For the 2008-09 school year the Senior classes will be offered on the
following days. Please see the Registration Page
for information regarding available spaces or waiting lists. (click
here for 2007-08 information)
 | Monday thru Thursday mornings from 8:45-11:20 |
 | Monday thru Thursday afternoons from 12:25-2:55 |
The Senior room builds upon the foundation established in
the Junior room and continues to provide meaningful experiences to help foster
the development of the whole child. The senior teachers create a warm,
nurturing, and inviting environment, while adding additional academic elements,
age appropriate materials, and hands on activities that foster development
across all domains. The classroom gives children the opportunity to initiate
their own learning, make choices, work independently, and learn to problem solve
in a social environment. The environment and activities in the classroom
promotes independency, creativity, and a love for learning that will give
children a feeling of success in school.

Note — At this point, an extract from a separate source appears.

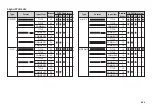 Предварительный просмотр 40 страницы Casio KL-820 - Label Printer User Manual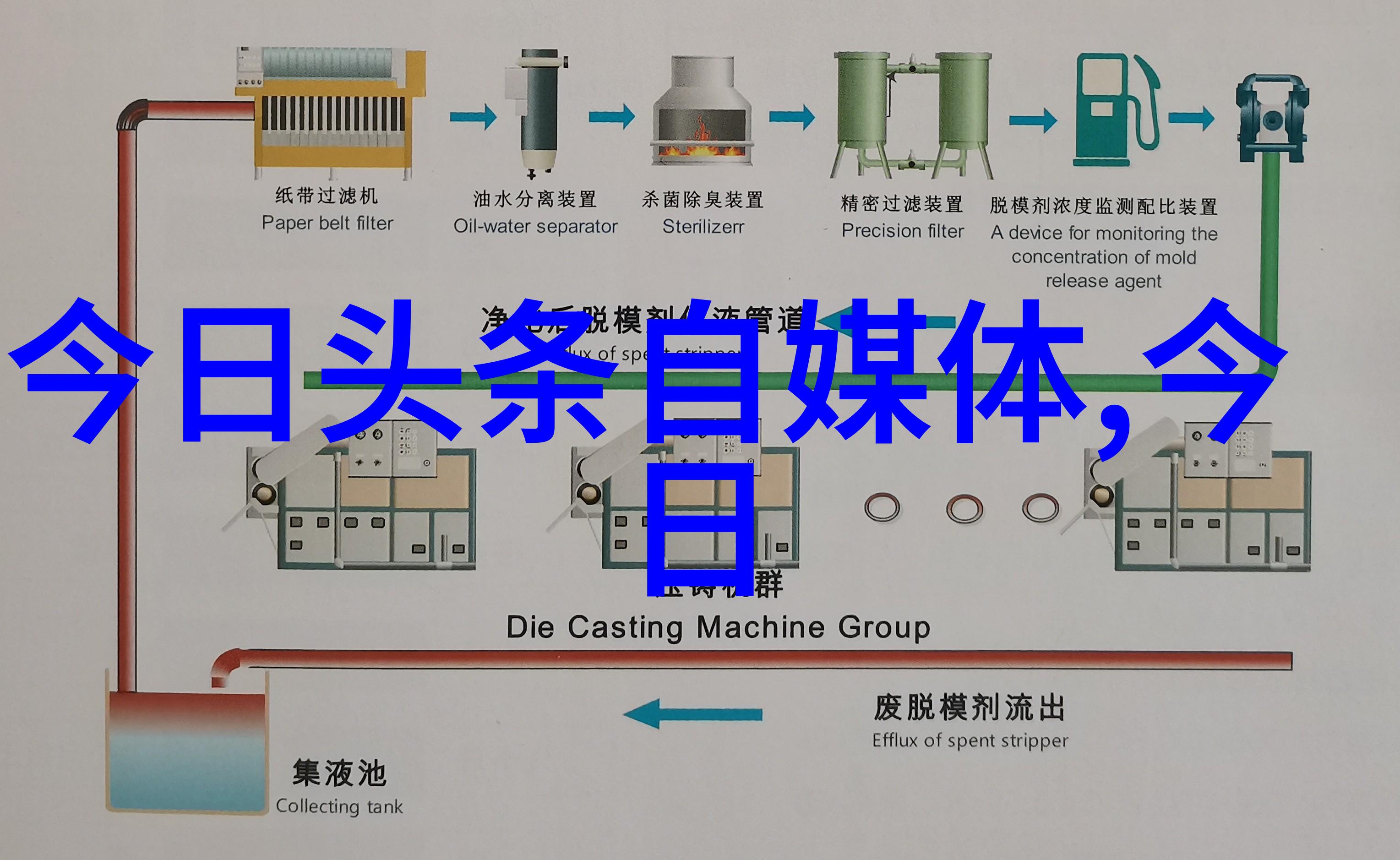 东方时尚官网霆炜逆袭牧野诡事之发丘传从演技派到硬汉霸气的转变来袭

A kindergarten teacher from the
Hinsdale School district #181 serves on our advisory board, and has worked with
our teachers to assure that children are participating in a curriculum that
helps prepare them for kindergarten.
Our child to adult ratio exceeds the mandated 1:10 ration required by DCFS,
with 3 teachers and 1 parent helper daily for a maximum of 20 children (1:6
teacher to child ratio). This allows the teachers to work closely with the
children and provide valuable individualized attention.
The following highlights the routine of the senior room:
Arrival: The teachers always
greet the parent and child at the door to welcome them into the class. It’s a
wonderful opportunity for children to share events from home with the teachers
and to be personally welcomed to the room. The children must wash their hands
upon entering the classroom as regulated by DCFS (the Department of Children and
Family Services)
Calendar Time: When the
children hear the “Hello” song played on the piano, it is their cue to meet on
the rug for a short morning group time. During this time, the teachers take
attendance and again greet each child individually by name. In addition, the
children help with the calendar time, putting up that day’s number on the
calendar, determining what the day’s weather, recognizing the patterns of the
calendar pieces, and determining which weather pattern (sunny, snowy, rainy,
windy, etc) has occurred the most and the least throughout the month. It’s a
wonderful opportunity to work on not only the days of the week and months of the
year, but also the math concepts of patterning, greater than, less than, and
rote counting. Once a week, one child is scheduled to bring an item from home to
share with the class for “Show and Tell”. Children are able to talk about their
item during group time, and answer questions from their friends.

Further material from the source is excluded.